U.K. Foreign Secretary Dominic Raab signaled the country will join its international allies in suspending an extradition treaty with Hong Kong after China imposed a national security law on the former British colony. Raab told Sky News he would update Parliament on Monday on the U.K.'s extradition arrangements with Hong Kong, less than a week after the nation banned the Chinese telecommunications company Huawei Technologies as a long-term supplier for its 5G networks over concerns about the security of its infrastructure. Raab also cited China's "egregious human-rights abuses" of the country's Uighur minority. Canada and Australia have already suspended extradition agreements with Hong Kong.

What We've Been Reading

This is what's caught our eye over the past 24 hours:

And finally, here's what Tracy's interested in this morning

A long time ago, a financial journalist by the name of Charles Dow had the clever idea of creating an index to track booming railroad stocks. The methodology was simple: Take 11 transportation companies, add up their share prices, divide by 11 and use the result to track the performance of the market as a whole rather than force readers to fiddle with fractional share prices. The result was the first stock market index and the precursor to what would eventually become the Dow Jones Industrial Average — the average of a selection of stocks that Dow deemed most representative of the overall U.S. economy. Since then, such indices have become the bedrock of the stock market, with trillions of dollars directly tied to their performance.

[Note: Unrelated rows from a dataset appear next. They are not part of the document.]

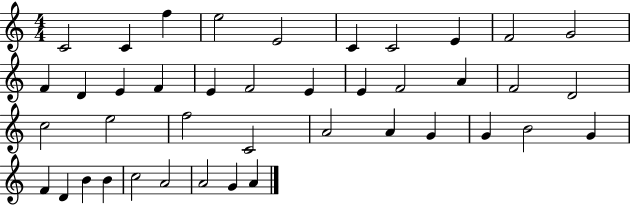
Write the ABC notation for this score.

X:1
T:Untitled
M:4/4
L:1/4
K:C
C2 C f e2 E2 C C2 E F2 G2 F D E F E F2 E E F2 A F2 D2 c2 e2 f2 C2 A2 A G G B2 G F D B B c2 A2 A2 G A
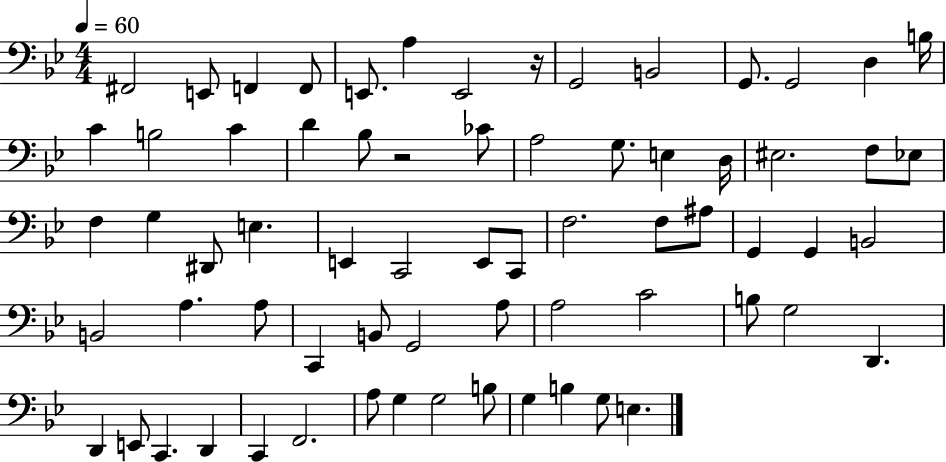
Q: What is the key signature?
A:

Dow could have just stuck with his transportation index — railroad stocks then were the equivalent of tech stocks today. They attracted a ton of speculative inflows while rapidly transforming the economy and fostering new businesses (such as a mail-order business that would be pioneered by Sears & Roebuck). But he opted to create a more representative index for the purposes of diversification. It's easy to forget that nowadays.

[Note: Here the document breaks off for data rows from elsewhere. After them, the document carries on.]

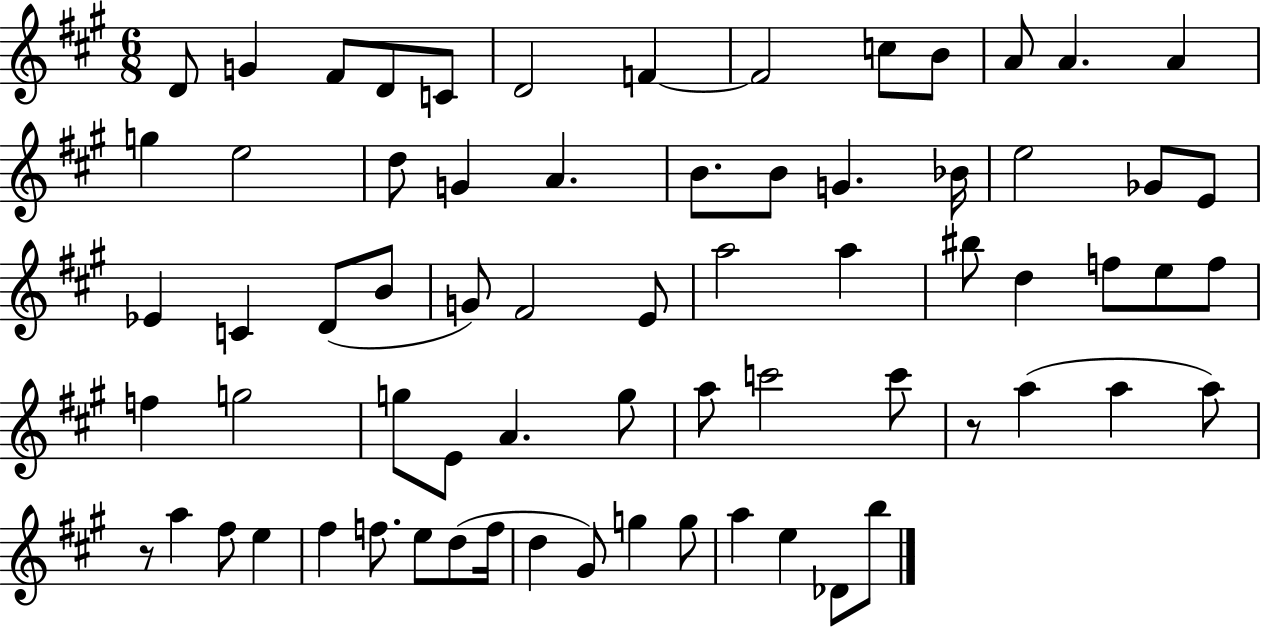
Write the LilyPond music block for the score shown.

{
  \clef treble
  \numericTimeSignature
  \time 6/8
  \key a \major
  \repeat volta 2 { d'8 g'4 fis'8 d'8 c'8 | d'2 f'4~~ | f'2 c''8 b'8 | a'8 a'4. a'4 | \break g''4 e''2 | d''8 g'4 a'4. | b'8. b'8 g'4. bes'16 | e''2 ges'8 e'8 | \break ees'4 c'4 d'8( b'8 | g'8) fis'2 e'8 | a''2 a''4 | bis''8 d''4 f''8 e''8 f''8 | \break f''4 g''2 | g''8 e'8 a'4. g''8 | a''8 c'''2 c'''8 | r8 a''4( a''4 a''8) | \break r8 a''4 fis''8 e''4 | fis''4 f''8. e''8 d''8( f''16 | d''4 gis'8) g''4 g''8 | a''4 e''4 des'8 b''8 | \break } \bar "|."
}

Looking at the S&P 500 now, just five companies (Facebook, Apple, Amazon, Microsoft and Google) make up almost 20% of its market cap — up from about 9% just five years ago. A lesser-noticed development is that a number of companies whose fortunes are tied to the big tech stocks in one way or another have also jumped up the ranks — think Intel, Cisco, Adobe, Nvidia, and Paypal. If you throw in those companies, then a quarter of the index is now comprised of technology. You can make an argument that the preponderance of tech stocks in the S&P 500 is reflective of perfectly reasonably expectations about what the future of the economy might look like. But diversification it certainly is not.